Da eine Konservierungsmöglichkeit für die Augen unbekannt war, wurden die hauteng umwickelten Köpfe manchmal möglichst naturgetreu bemalt und sogar mit künstlichen Augen aus verschiedenen farbigen Materialien versehen.
Seit der Spätzeit findet sich über der fertig gewickelten Mumie häufig ein Perlennetz aus grünen oder türkisfarbenen Fayenceperlchen (Phase III). Der Sinn dieser Netze mag in einem magischen Zusammenhalt und Schutz aller Körperteile zu suchen sein. Zu derartigen Perlennetzen, oft unmittelbar darauf befestigt oder aus bunten Fayenceperlchen direkt mit eingearbeitet, gehören ein geflügelter Skarabäus als Symbol des Sonnenlaufs und damit der alltäglichen Wiedergeburt und ein Satz der vier Horus-Söhne als Schutzgottheiten.

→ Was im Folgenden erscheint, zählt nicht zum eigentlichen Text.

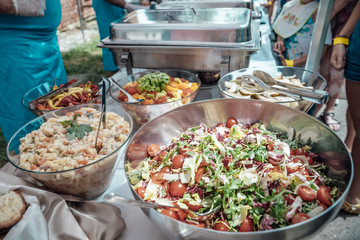 Catering for birthday party, wedding, event. Grilling meat, corn, burger, sausage, sunflower, vegetables. Fruit Dishes, Dessert, Salads, Pasta, Sweets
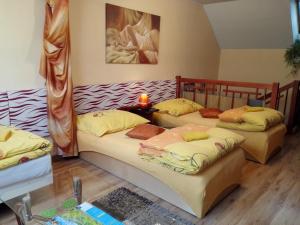 A bed or beds in a room at Apartmán Slnečnica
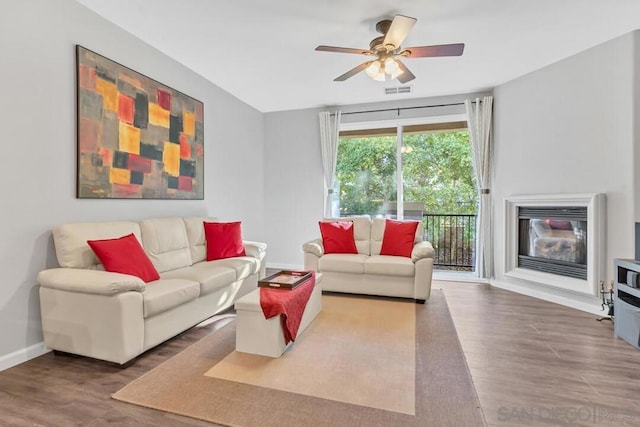 living room featuring wood-type flooring and ceiling fan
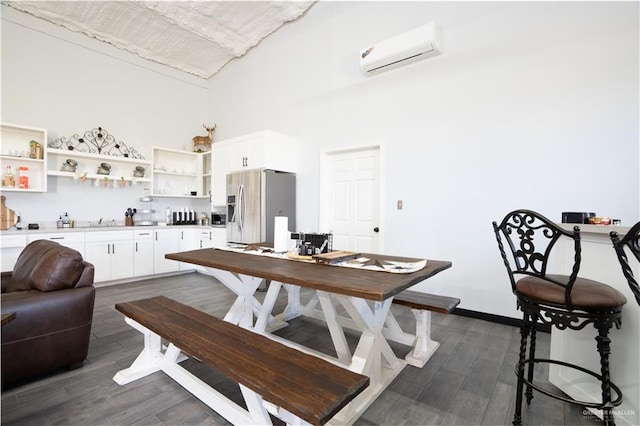 dining room featuring dark hardwood / wood-style floors, an AC wall unit, and a high ceiling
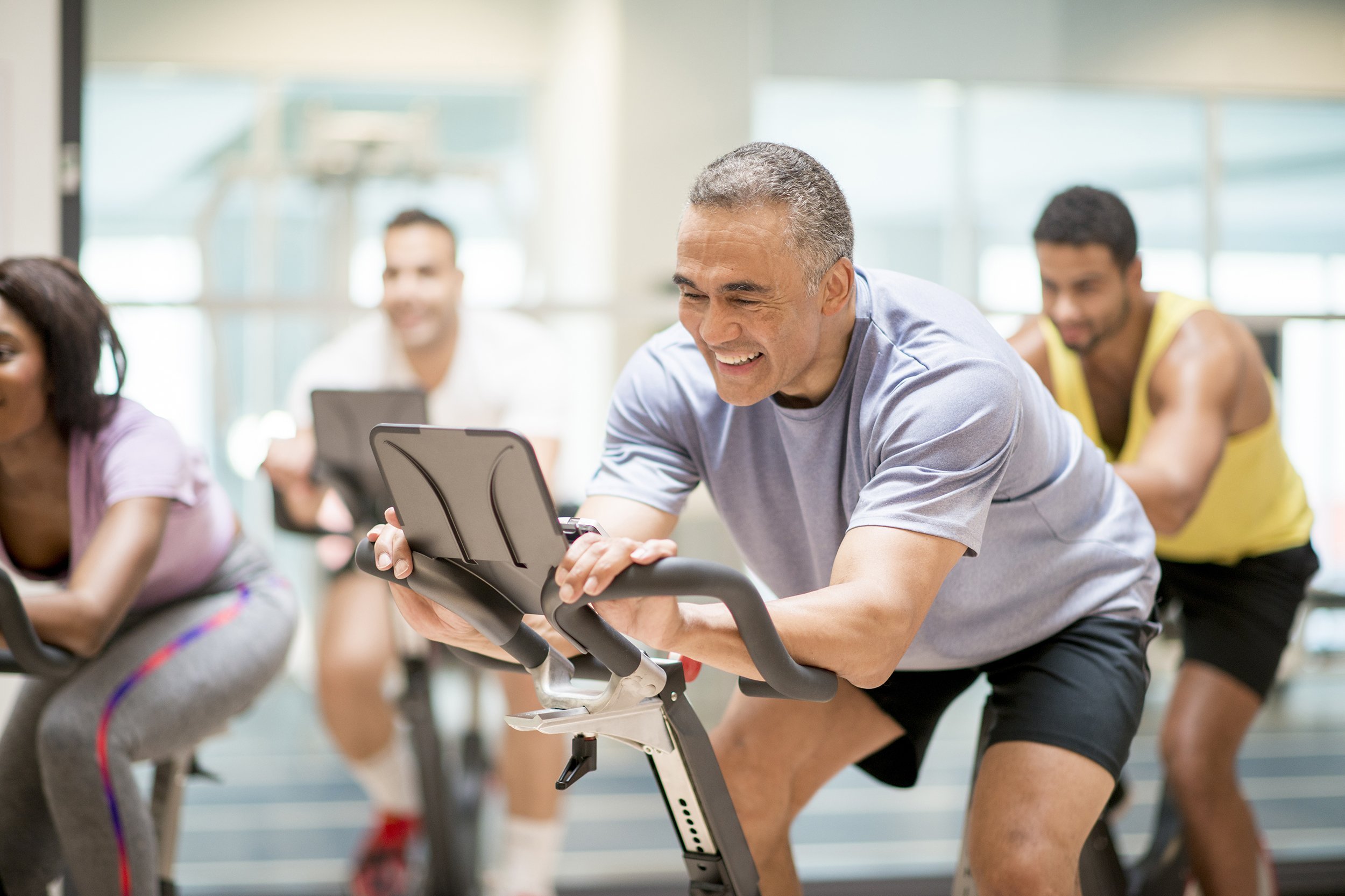 senior man in cycling class at the gym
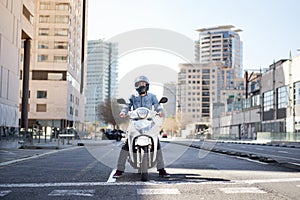 Wide shot of a young motorcyclist stopped at a traffic light in Barcelona. The man riding his scooter through photo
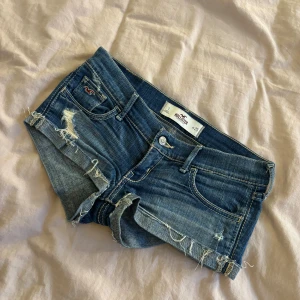 Blå jeansshorts från Hollister - Säljer ett par blå jeansshorts från Hollister med låg midja. Shortsen har slitna detaljer, fransiga kanter och klassiska fickor både fram och bak. Har ingen bild med de på tyvärr!💘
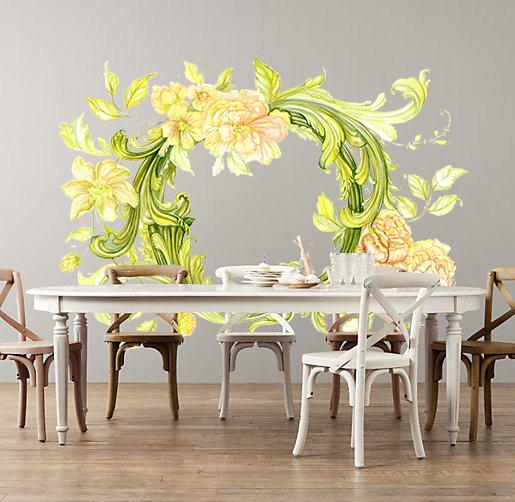 Vine floral wall decal with yellow flowers on dining room wall behind farmhouse table and chairs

Etwa um das Jahr 1000 v. Chr. wurde es üblich, die eingewickelten Mumien zum Abschluß in eine vollständige mumienförmige Hülle aus bemalter Kartonage oder Leinwand zu stecken, die anschließend auf der mit einem Schlitz versehenen Rückseite verschnürt wurde. Später ging man dazu über, statt einer solch aufwendigen Mumienhülle nur noch einzeln gefertigte Teile zu verwenden (Phase IV). Dazu gehören vor allem Kopfmasken mit Perücke und Halskragen und ein kompaktes Fußteil, der sogenannte "Mumienschuh". Daneben kommen aber auch lose, an der Unterseite der Fußpartie befestigte Sandalen aus Kartonage vor.
Einzelne Bildmotive wie Halskragen und Götterdarstellungen wie vor allem die der Himmelsgöttin Nut, die ihre geflügelten Arme schützend über den Leib des Verstorbenen breitet, konnten lose auf die Mumienbinden aufgelegt werden. In einem Gebet an die Göttin heißt es: "O meine Mutter Nut, breite deine Schwingen aus über mir und versetze mich unter die unvergänglichen Sterne!"